After a period of making profits on the QE programme, the Bank of England is facing record losses, estimated to cost the taxpayer £22 billion a year, as interest rates have risen since 2021, the IPPR warned.

This money is then partly being funnelled to bank shareholders due to a “flawed” policy design, boosting profits while millions across Britain continue to face cost-of-living pressures, the report said.

It recommended the Treasury introduce a “QE reserves income levy”, similar to the 2.5% deposit tax imposed on banks under Margaret Thatcher in 1981, to rebalance the existing set-up.

The bosses of Britain’s biggest banks recently spoke out to caution the Chancellor against hiking taxes for banks in her autumn budget.

Lloyds chief executive Charlie Nunn said efforts to boost the economy and foster a strong financial services sector “wouldn’t be consistent with tax rises”.

Barclays chief executive CS Venkatakrishnan echoed Mr Nunn’s remarks by saying banks were already “among the biggest tax payers in the country” and were an important sector to help drive the Government’s pro-growth aims.

The leading think tank IPPR, which worked closely with the Government on its industrial strategy, also called on the Bank of England to slow down its sale of bonds – so-called quantitative tightening (QT) – to save more than £12 billion a year.

These two policies together could save more than £100 billion over this Parliament, opening up much needed fiscal headroom for the Chancellor, it said.

Under the proposals, the receipts from the banks levy would be used to support “households and growth” and would fall to zero once all QE-related gilts are off the Bank of England’s balance sheet, or when the bank rate reaches 2%, meaning the tax would be temporary.

Given the “targeted” nature of the tax, it should only have a “small impact, if any” on UK banks’ competitiveness and smaller banks should be exempted from the measure, the think tank said.

The warning came amid warnings from economists that tax rises in the autumn budget are likely needed to plug a hole in the public finances, prompting speculation about which areas the Chancellor might target.

A Treasury spokesperson said: “As set out in the plan for change, the best way to strengthen public finances is by growing the economy – which is our focus.

“Changes to tax and spend policy are not the only ways of doing this, as seen with our planning reforms, which are expected to grow the economy by £6.8 billion and cut borrowing by £3.4 billion.

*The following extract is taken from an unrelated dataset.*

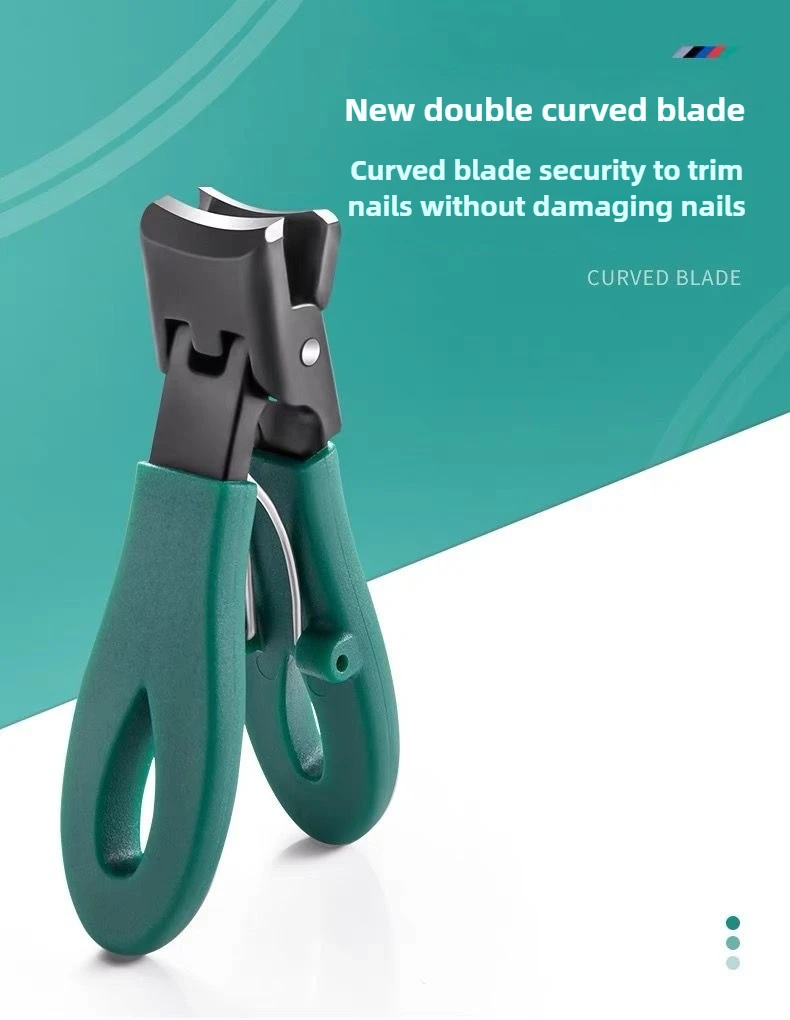Description Picture 4 of itemPortable Ultra Sharp Nail Clippers Stainless Steel Wide Jaw Opening Anti Splash Toe Fingernail Trimmers For Woman Man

“The Monetary Policy Committee (MPC) has operational independence to set monetary policy, including how it approaches asset sales, which is essential for the effective delivery of monetary policy.”

Carsten Jung, the IPPR’s associate director for economic policy and a former Bank of England economist, said the central bank and Treasury had “bungled” the implementation of QE.

“What started as a programme to boost the economy is now a massive drain on taxpayer money,” he said.

“While families struggle with rising costs, the Government is effectively writing multibillion-pound cheques to bank shareholders.”

The Bank of England’s Governor, Andrew Bailey, has previously stressed that the “interest paid on reserves is not free money for the banks, not least as most of it is paid on to customers in the form of interest on their deposits”.

He said, in a letter to Reform UK MP Richard Tice in June, that a cut to the income that banks receive was likely to result in lower savings rates or higher borrowing costs for consumers.

A spokesman for the Bank said: “Tax and spending decisions are for the Government, not the Bank.

“We remain 100% focused on making sure that inflation returns all the way to the 2% target, because low and stable inflation is the foundation of a healthy economy.”